Perhaps you want something like this:
conditions = [(df[col1] == 0) & (df[col2] == 0), (df[col1] == df[col2])]
choices = [np.nan , coeff[col1]]
default = df[col2]/df[col1]*coeff[col1]+coeff[col1]
df['comp{}'.format(i)] = np.select(conditions , choices, default)
Just to participate, here is a contribution to your code, for the definition of the coeff matrix, where the computation is performed directly on whole columns.
Initialization:
>>> df = pd.DataFrame([[2, 0, 0, 5], [12, 9, 6, 0], [0, 4, 3, 2]],
... index=[50378, 50402, 52879],
... columns=['a', 'b', 'c', 'd'])
>>> df
a b c d
50378 2 0 0 5
50402 12 9 6 0
52879 0 4 3 2
Then computing the coefficients:
>>> # taking care of coefficients, using direct computation on columns
>>> coeff2 = pd.DataFrame(index=df.index, columns=df.columns)
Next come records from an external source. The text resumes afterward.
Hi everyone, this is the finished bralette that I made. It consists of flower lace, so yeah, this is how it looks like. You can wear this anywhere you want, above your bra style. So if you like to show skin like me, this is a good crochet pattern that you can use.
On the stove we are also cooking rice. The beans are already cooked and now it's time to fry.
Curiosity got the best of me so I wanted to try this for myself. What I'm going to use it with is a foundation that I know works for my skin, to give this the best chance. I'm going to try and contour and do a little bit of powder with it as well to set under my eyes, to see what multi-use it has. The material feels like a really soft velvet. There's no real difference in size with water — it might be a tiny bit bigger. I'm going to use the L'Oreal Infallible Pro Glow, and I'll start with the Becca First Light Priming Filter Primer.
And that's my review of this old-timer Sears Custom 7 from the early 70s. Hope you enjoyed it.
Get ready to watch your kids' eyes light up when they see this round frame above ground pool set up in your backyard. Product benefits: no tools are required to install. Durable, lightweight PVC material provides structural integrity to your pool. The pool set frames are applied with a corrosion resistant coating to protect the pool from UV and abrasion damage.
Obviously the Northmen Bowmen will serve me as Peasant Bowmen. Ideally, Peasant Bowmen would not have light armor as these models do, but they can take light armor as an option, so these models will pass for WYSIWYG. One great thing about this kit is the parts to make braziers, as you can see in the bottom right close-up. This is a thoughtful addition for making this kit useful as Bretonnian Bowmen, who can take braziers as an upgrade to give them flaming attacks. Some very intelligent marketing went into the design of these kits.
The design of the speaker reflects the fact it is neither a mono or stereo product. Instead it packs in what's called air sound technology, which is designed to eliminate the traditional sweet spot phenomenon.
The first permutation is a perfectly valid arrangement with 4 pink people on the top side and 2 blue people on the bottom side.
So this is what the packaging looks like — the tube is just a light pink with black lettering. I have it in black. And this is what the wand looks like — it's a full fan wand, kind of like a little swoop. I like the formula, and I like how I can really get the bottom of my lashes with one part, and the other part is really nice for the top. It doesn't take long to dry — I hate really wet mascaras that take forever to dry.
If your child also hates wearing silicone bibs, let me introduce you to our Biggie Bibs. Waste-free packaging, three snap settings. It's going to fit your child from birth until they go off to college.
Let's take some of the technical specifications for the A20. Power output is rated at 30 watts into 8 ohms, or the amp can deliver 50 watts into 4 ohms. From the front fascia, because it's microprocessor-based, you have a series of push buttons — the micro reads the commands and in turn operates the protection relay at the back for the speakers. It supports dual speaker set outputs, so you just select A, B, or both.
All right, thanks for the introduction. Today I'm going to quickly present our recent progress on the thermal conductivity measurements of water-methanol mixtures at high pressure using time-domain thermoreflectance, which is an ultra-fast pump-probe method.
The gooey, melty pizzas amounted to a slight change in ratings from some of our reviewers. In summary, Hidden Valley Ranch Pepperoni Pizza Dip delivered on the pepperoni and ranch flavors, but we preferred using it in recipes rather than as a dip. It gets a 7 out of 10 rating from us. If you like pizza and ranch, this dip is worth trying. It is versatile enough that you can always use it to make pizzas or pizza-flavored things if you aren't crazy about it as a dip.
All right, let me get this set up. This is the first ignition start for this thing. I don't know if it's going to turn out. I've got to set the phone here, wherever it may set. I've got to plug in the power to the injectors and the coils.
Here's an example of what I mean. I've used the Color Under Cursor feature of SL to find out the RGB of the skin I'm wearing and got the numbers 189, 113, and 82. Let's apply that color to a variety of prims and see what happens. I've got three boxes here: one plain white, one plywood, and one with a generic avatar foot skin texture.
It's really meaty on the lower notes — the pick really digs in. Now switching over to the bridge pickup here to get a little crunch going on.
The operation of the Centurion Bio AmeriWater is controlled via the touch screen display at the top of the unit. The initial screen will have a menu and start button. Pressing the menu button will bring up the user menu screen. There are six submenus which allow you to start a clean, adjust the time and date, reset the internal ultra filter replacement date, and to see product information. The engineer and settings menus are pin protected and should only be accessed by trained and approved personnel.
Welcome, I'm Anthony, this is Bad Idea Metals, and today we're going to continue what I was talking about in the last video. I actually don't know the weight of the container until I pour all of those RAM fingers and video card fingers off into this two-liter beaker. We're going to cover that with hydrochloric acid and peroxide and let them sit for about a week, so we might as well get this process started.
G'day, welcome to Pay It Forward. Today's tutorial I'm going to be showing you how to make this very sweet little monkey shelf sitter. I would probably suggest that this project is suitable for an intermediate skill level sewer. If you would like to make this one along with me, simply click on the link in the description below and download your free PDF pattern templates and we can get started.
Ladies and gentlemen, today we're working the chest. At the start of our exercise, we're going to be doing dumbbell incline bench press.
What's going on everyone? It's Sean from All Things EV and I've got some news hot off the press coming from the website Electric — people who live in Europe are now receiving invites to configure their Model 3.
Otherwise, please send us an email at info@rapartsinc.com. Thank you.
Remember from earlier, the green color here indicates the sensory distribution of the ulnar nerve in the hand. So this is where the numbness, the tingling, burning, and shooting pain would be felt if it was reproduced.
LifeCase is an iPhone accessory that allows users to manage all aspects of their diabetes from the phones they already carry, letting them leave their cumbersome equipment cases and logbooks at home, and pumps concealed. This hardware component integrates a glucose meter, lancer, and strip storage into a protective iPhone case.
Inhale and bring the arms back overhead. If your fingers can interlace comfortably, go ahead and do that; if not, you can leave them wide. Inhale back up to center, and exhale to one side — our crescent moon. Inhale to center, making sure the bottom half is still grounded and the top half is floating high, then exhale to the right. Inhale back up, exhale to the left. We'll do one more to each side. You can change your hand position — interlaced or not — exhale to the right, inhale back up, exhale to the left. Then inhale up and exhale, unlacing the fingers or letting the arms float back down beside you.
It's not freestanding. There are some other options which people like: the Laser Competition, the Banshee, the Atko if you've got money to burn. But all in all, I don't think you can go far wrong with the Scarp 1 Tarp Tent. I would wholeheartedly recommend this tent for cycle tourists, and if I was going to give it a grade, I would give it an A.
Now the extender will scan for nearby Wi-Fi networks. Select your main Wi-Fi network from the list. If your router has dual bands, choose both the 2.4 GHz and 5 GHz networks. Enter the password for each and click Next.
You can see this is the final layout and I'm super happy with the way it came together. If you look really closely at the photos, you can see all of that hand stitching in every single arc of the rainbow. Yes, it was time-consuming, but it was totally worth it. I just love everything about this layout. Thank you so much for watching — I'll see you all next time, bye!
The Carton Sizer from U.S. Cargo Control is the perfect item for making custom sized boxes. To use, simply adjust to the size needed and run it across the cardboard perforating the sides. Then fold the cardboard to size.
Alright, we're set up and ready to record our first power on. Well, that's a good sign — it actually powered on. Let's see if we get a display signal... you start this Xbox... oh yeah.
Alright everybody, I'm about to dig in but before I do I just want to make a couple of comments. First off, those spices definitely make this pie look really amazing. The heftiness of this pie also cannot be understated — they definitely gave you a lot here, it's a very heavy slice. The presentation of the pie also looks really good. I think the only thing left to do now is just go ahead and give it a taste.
>>> top = pd.Series([100]*len(df.index), index=df.index)
>>> for col_name, col in df.iteritems(): # loop over columns
... eq0 = (col==0) # boolean serie, identifying rows where content is 0
... top[eq0] = 100 # where `eq0` is `True`, set 100...
... top[~eq0] = top[~eq0] / 2 # ... and divide others by 2
... coeff2[col_name] = top # assign to output
>>> coeff2
Which gives:
a b c d
50378 50 100 100 50
50402 50 25 12.5 100
52879 100 50 25 12.5
(For the core of your question, John identified the lack of condition in the function, so no need for me to participate.)